A leak from an underground natural gas storage facility that has sickened Los Angeles residents and sent thousands from their homes has been out of control for 12 weeks and a possible fix is expected no sooner than March. Here are some things to know about it:
SCOPE OF THE PROBLEM
Gov. Jerry Brown declared an emergency for the Southern California Gas Co. leak that some environmentalists are calling the worst disaster since the BP oil spill in the Gulf of Mexico in 2010.
The leak first reported Oct. 23 has foiled efforts to contain it and some attempts may have made the problem worse.
In addition to bathing the Porter Ranch community in a foul smell that is blamed for nausea, nosebleeds, headaches and other symptoms, it has also released an immense amount of climate-changing methane equivalent at one point to about a quarter of the state’s total output of the gas.
A SoCalGas executive has said the leak is unprecedented and financial filings show the company anticipates spending $50 million a month for the complex effort to cap the leak and up to $7,500 a month for each of the 4,500 families being relocated through as late as April.
It also faces more than two dozen lawsuits, some of which are seeking class-action status.
The company has said the leak, which is located about a mile from the nearest homes, does not pose an imminent threat to public safety, but crews are working under safety restrictions around the flammable gas and efforts to stop the leak may have weakened the well and created a greater problem.
The Los Angeles Times reported Friday that a “blowout” is a concern after seven attempts to plug the leak by pouring a muddy mix into it.
A blowout would send a large amount of gas directly up the well instead of dissipating through the ground and could cause a massive fire if sparked. Workers cannot use cellphones and wear watches at the site because of fire danger.
“If the wellhead fails, the thing is just going to be full blast,” Gene Nelson, a physical sciences professor at Cuesta College said. “It will be a horrible, horrible problem. The leak rates would go way up.”
Attempts to stop the high-pressure leak with a briny solution have created a crater around the wellhead and opened up a vent in the ground some 20 feet from the well.

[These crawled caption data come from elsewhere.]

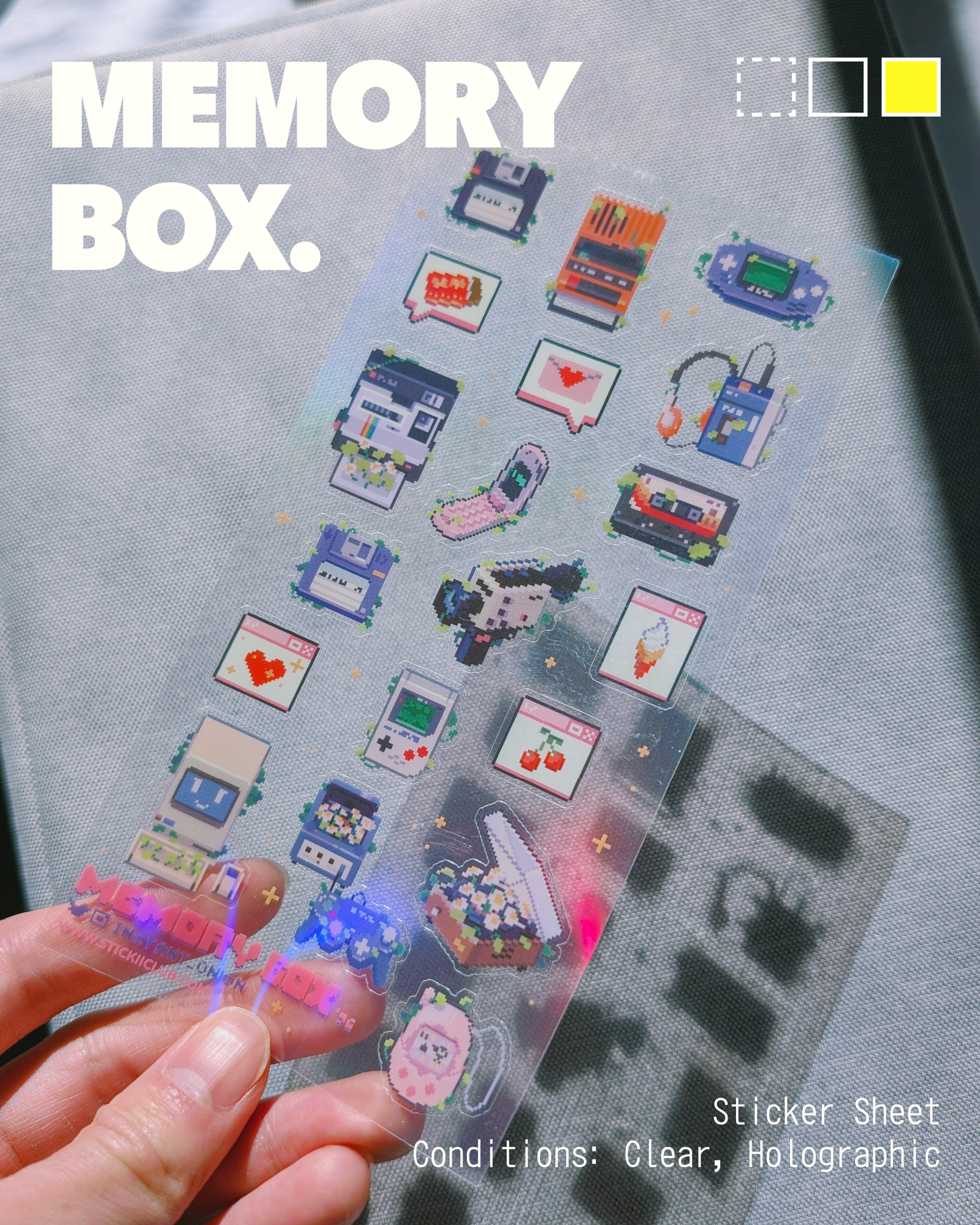 MEMORY BOX Sticker Sheet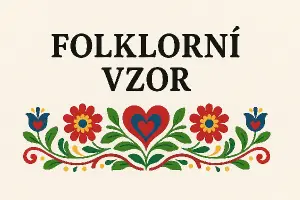 Udělej folklorní vzor jako podtržení textu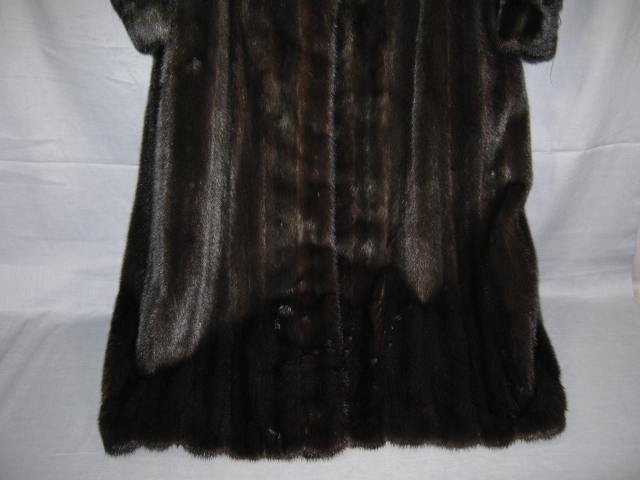 Ladies Full Length Real Mink Fur Coat Jacket Medium NR 2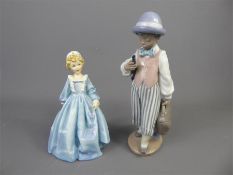 A Doughty Figure of a Girl in Grandmother's Dress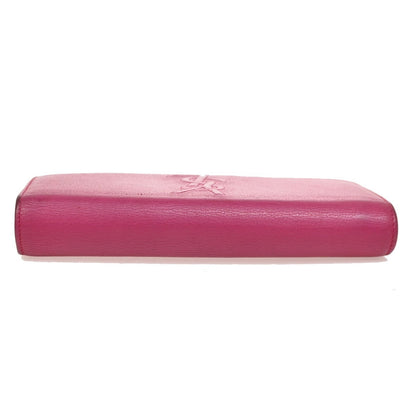 Saint Laurent Belle de Jour Flap Wallet Leather, PINK, LEATHER, Wallets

Sempra Energy, which owns the gas company, would not comment on the blowout danger.
The company is drilling a relief well to intercept the well and plug it about a mile-and-a-half underground where it taps into a vacant oil field storing natural gas.
THE GAS COMPANY’S RESPONSE
SoCalGas initially acted slowly to publicly acknowledge the leak and notify residents about what happened.
It eventually apologized for its response and has posted on a website daily updates and results from twice-daily air quality tests as part of efforts to be more open with the public about what’s going on.
In summarizing air quality reports, the company understated levels of the cancer-causing chemical benzene found in the community.
After inquiries from The Associated Press, SoCalGas acknowledged Thursday that higher-than-normal readings had been found at least 14 samples. It previously stated that just two air samples over the past three months showed elevated concentrations of the compound.
A spokeswoman said the error was an oversight that would be corrected.
The incorrect information was still on the website Friday.
WHERE IS THE GOVERNMENT?
An alphabet soup of state and local government agencies are overseeing work at the site of the leak and issuing a variety of orders to fix the problem.
The Los Angeles County Department of Public Health ordered the company to relocate anyone seeking to move while the leak continues. The South Coast Air Quality Management District issued a notice of violation for the leak and can assess penalties ranging from $1,000 to $1 million a day for each day of the nuisance.
The state Division of Oil, Gas, and Geothermal Resources is overseeing efforts to stop the leak and will investigate the cause once it’s plugged.
California lawmakers proposed bills this week that will carry stronger regulations to prevent future incidents like the one at the Aliso Canyon facility.
One proposed bill would require safety valves on such wells. The leaking well previously had a safety valve, but it was removed in 1979 after it leaked. A replacement wasn’t required.
Lawmakers want the company to cover the costs of the leak, pay for greenhouse gas emissions and not pass them on to customers through higher rates.